Obwohl sich durch die Mehrwertsteuersenkung für Übernachtungsleistungen direkte positive Effekte für die Hotellerie ergeben, müssen Firmenkunden und Reisende mit enormen Mehrbelastungen rechnen.

Der Verband Deutsches Reisemanagement (VDR) sieht nach wie vor Chancen und Risiken bei der Senkung der Mehrwertsteuer für Hotelleistungen und erwartet spürbare Mehrbelastungen für Firmenkunden. DieSenkung ist von der neuen Bundesregierung geplant und am 2. Dezember vom Finanzausschuss mit den Stimmen der Koalitionsfraktionen angenommen worden.

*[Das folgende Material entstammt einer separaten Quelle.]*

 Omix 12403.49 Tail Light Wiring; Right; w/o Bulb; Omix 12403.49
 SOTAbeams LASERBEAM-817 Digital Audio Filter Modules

„Sollte am 1. Januar 2010 die Mehrwertsteuer für Hotelübernachtungen von 19 auf sieben Prozent sinken, dann gibt das den Hoteliers den Spielraum, zurückgestellte und dringend notwendige Investitionen umzusetzen“, sagt Dirk Gerdom, Präsident des Deutschen GeschäftsreiseVerbands VDR. „Dies ist aber aus Verbandssicht nur dann akzeptabel, wenn die Mehreinnahmen durch diese Reduzierung in den Wirtschaftkreislauf gegeben werden und sich hierdurch Qualität und Preis-Leistungs-Verhältnis verbessern.“ Außerdem muss ein Teil an die Firmenkunden weitergegeben werden, da die Senkung der Mehrwertsteuer „für Beherbergungsleistungen im Hotelund Gastronomiegewerbe“ de facto Mehrkosten für diese Zielgruppe nach sich zieht.

Wenn die Brutto-Preise gleich bleiben, bedeutet dies für Unternehmen, die am Vorsteuerabzugsverfahren teilnehmen, eine klare Mehrbelastung, da der Vorsteuerabzug niedriger ausfällt.

Wenn das Frühstück als Nebenleistung ab Januar anders besteuert wird als die Übernachtung, müsste das auf der Rechnung separat ausgewiesen werden. Das führt für jede einzelne Hotelnacht mit Frühstück zu zusätzlichen Abrechnungsprozessen sowohl für die Firmenkunden als auch für die Hotellerie. Zusätzliche Prozesse bedeuten immer zusätzliche Kosten.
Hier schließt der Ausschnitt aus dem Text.